**Exercise description:** Only what runs from the line with "this 360×240 image." to the final line of the records below should be given again, word for word.
Dataset records START
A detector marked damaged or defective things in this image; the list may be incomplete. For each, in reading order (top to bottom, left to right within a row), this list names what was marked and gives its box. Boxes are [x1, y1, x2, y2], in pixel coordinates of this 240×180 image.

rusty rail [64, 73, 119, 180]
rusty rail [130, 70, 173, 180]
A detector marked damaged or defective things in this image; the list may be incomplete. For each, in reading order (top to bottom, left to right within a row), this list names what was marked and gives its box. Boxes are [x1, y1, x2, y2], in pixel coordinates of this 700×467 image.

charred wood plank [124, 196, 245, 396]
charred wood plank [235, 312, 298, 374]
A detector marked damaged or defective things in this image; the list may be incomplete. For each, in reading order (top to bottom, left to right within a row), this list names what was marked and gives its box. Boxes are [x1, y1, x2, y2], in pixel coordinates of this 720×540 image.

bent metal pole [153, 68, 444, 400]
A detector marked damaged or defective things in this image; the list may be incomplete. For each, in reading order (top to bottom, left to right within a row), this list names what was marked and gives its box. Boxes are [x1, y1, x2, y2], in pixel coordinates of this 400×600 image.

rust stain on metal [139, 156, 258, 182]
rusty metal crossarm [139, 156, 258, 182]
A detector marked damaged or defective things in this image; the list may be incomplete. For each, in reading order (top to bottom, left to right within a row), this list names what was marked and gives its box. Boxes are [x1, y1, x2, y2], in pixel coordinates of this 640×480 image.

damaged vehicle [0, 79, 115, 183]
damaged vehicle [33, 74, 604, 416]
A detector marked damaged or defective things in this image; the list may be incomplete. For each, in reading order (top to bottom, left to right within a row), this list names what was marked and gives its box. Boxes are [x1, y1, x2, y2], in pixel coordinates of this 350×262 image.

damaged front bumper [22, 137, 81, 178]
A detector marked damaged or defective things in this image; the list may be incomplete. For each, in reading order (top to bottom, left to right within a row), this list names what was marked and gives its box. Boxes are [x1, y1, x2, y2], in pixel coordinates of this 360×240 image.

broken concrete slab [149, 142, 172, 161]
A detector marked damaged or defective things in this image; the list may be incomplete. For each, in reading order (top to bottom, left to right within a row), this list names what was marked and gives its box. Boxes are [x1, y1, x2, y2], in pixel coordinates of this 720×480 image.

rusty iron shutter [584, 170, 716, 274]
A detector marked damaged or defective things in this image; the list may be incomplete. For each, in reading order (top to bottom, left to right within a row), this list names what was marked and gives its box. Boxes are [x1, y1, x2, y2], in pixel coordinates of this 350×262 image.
Dataset records END
**Solution:**
A detector marked damaged or defective things in this image; the list may be incomplete. For each, in reading order (top to bottom, left to right within a row), this list names what was marked and gives its box. Boxes are [x1, y1, x2, y2], in pixel coordinates of this 360×240 image.

broken concrete slab [149, 142, 172, 161]
A detector marked damaged or defective things in this image; the list may be incomplete. For each, in reading order (top to bottom, left to right within a row), this list names what was marked and gives its box. Boxes are [x1, y1, x2, y2], in pixel coordinates of this 720×480 image.

rusty iron shutter [584, 170, 716, 274]
A detector marked damaged or defective things in this image; the list may be incomplete. For each, in reading order (top to bottom, left to right within a row), this list names what was marked and gives its box. Boxes are [x1, y1, x2, y2], in pixel coordinates of this 350×262 image.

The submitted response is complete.